Vendredi 10 Juin 2016

Dans sa dernière note sur la situation économique de la Nouvelle-Calédonie l’Institut d’Emission d’Outre Mer faisait le constat suivant.

« La consolidation de l’économie de la Nouvelle-Calédonie amorcée en 2014 ne s’est pas confirmée en 2015. Les entrepreneurs considèrent que la conjoncture s’est fortement dégradée et se disent nettement moins confiants sur leur courant d’affaires. Dans ce contexte, le marché du travail s’est dégradé, marqué par des destructions nettes d’emploi dans plusieurs secteurs. La demande d’emploi a progressé de manière continue, tandis que l’offre est restée atone. »




Il y a environ une dizaine de jours, la Chambre de Commerce et d’Industrie, après avoir consulté ses adhérents, déclarait « l’Etat d’urgence économique » en raison notamment des mauvais chiffres enregistrés et des perspectives négatives pour les prochains mois.
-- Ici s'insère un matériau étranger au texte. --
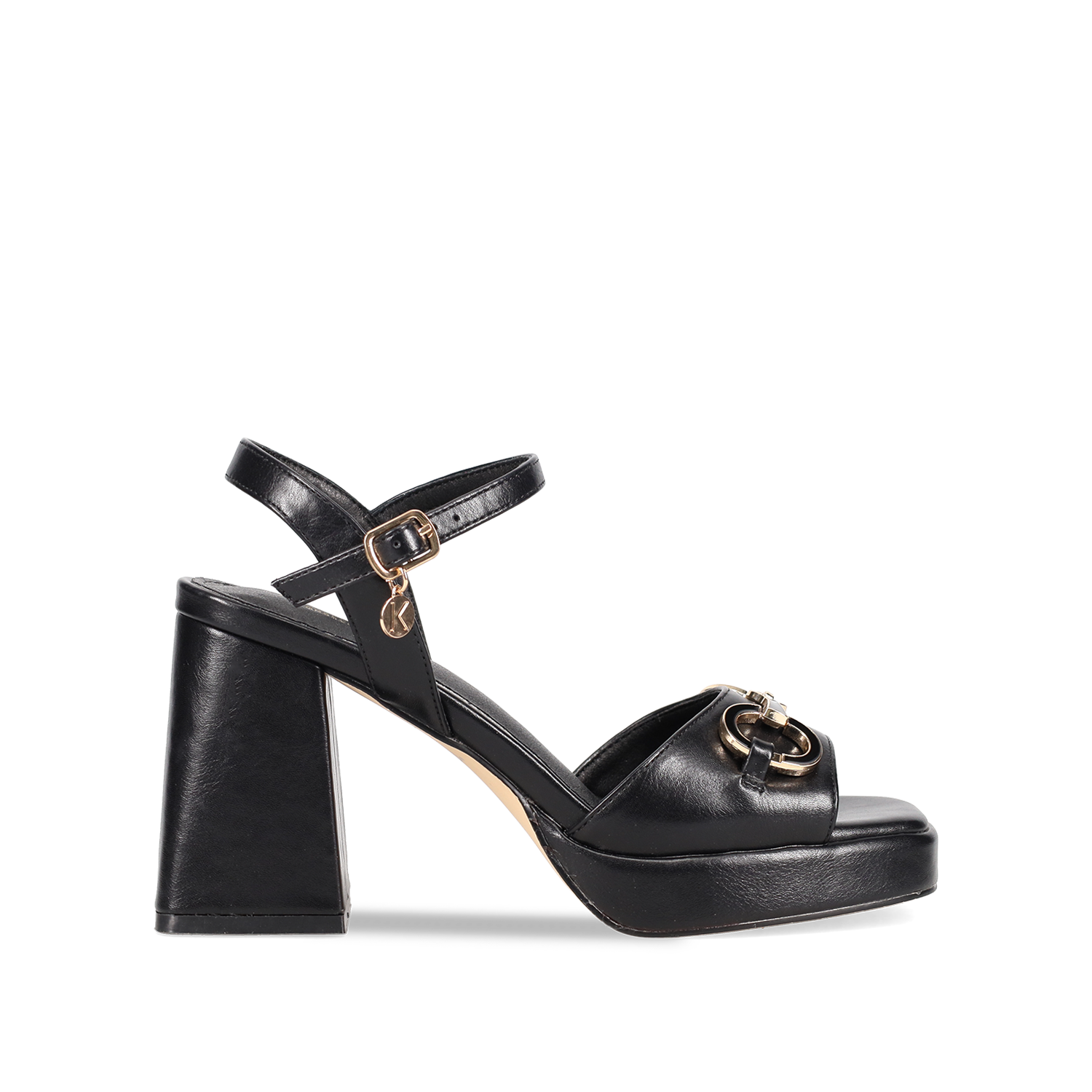 Μαύρο πέδιλο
Les élus de la Chambre demandant aux pouvoirs publics qu’un comité de crise puisse être mis en place afin qu’un plan de relance volontariste soit défini.

Nous regrettons l’absence de réponse du gouvernement de la Nouvelle-Calédonie à cette demande du monde économique.
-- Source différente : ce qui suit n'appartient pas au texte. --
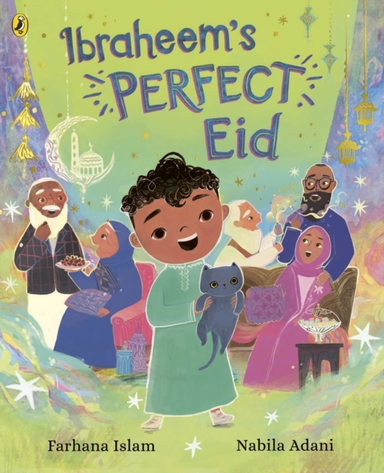 Ibraheem’S Perfect Eid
Il ne s’agit pas ici de tomber dans le catastrophisme, mais bien d’un cri d’alarme de la part des professionnels, qui veulent démontrer que si des mesures sont prises par les pouvoirs publics la machine économique peut redémarrer rapidement.

La Nouvelle-Calédonie dispose d’un immense potentiel ainsi que d’une population d’entrepreneurs qui ne demandent que à investir et à créer de l’emploi pour autant que des mesures incitatives soient prises.

Par ailleurs, en cette période de discussions essentielles pour l’avenir de la Nouvelle-Calédonie, il est important de ne pas rajouter aux incertitudes institutionnelles une crise économique et sociale.

 Il n’y a cependant pas de fatalité à cette situation. Ce constat n’est pas celui de l’inaptitude de la Nouvelle-Calédonie à se réformer, mais de l’incapacité de cette gouvernance à appréhender le réel avec lucidité et discernement. Les calédoniens ont toujours ce goût d’entreprendre, il ne demande que à être stimulé.

Il y a urgence à libérer les énergies, à encourager l’initiative et l’investissement, à réduire les contraintes administratives, à supprimer tout obstacle inutile ou d’intérêt mineur, à ramener les impôts et charges à un niveau supportable pour la population.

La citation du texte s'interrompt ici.